Parliamentary committees decide about contracts disclosure
A key parliamentary committee will decide today on the form of the Bill on Register of Contracts to be recommended to the lower house. They can uphold or beat a compromise formula proposed by the government and recommend certain crucial amendments, which would jeopardize the bill itself.
The timely passing of the bill will then be determined on Thursday afternoon by the Steering Committee, which can slate the draft for third readings.

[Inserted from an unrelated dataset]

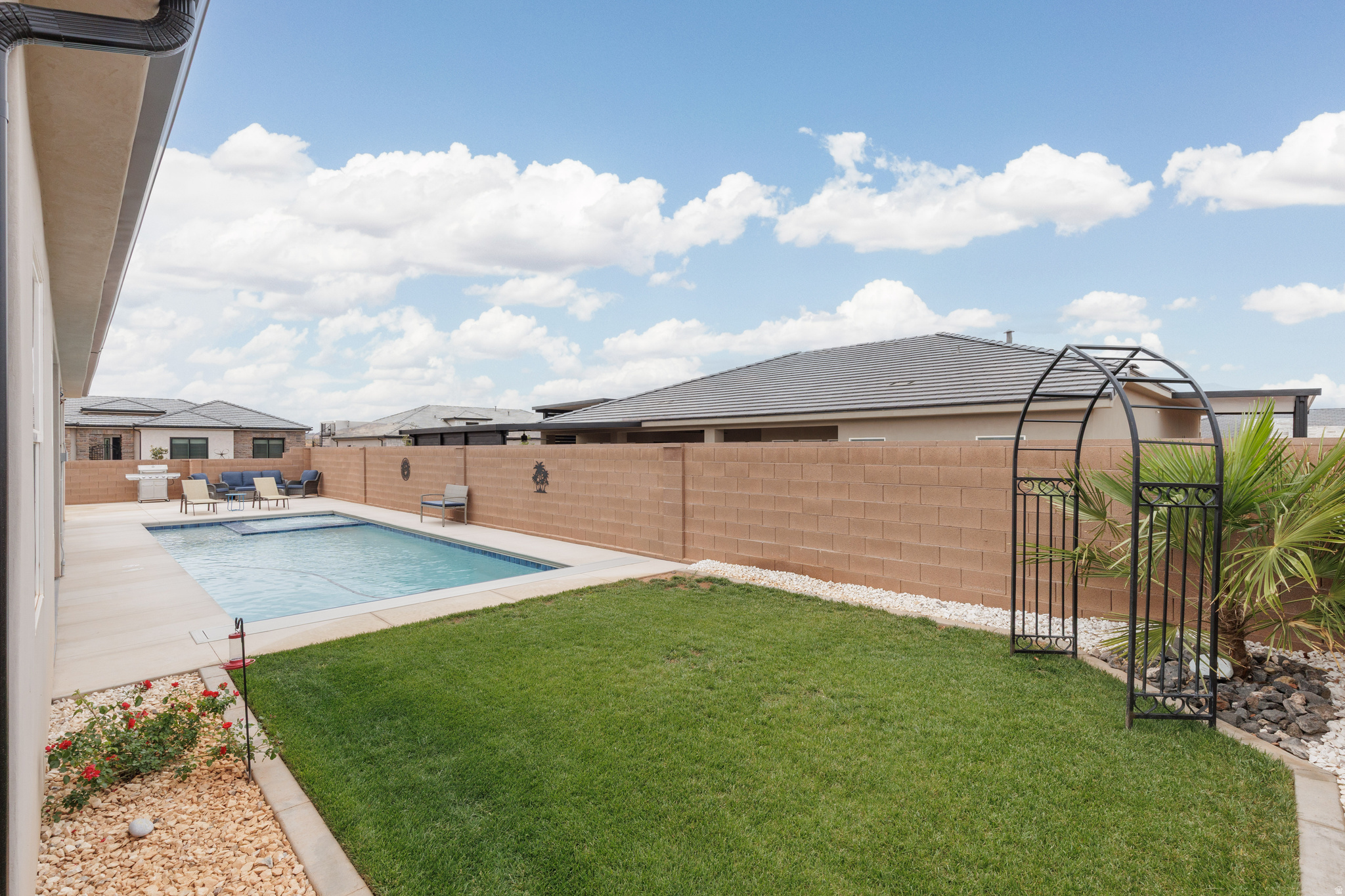 SANDSTONE FIELDS - Residential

The House Constitutional and Legal Affairs Committee, which has guarantor powers under the new Code of Procedures, is deciding today how voting on the longest-delayed bill in the history of the Chamber of Deputies will look like. In July 2015, the Bill on the Register of Contracts passed through its second reading where it was promoted by MPs from KDU-ČSL, ANO, and some members of the opposition TOP09/STAN party (see our Czech blog http://bit.ly/1TiiZjS). The lawmakers voted in favour of using the government’s complex draft amendment to the originally tabled by Jan Farský (STAN) as a basis for the third reading vote. The government’s draft amendment honours the core principles of the bill, offers some improvements, but also contains many groundless opt-outs, most notably a one-year stay on the sanction mechanism.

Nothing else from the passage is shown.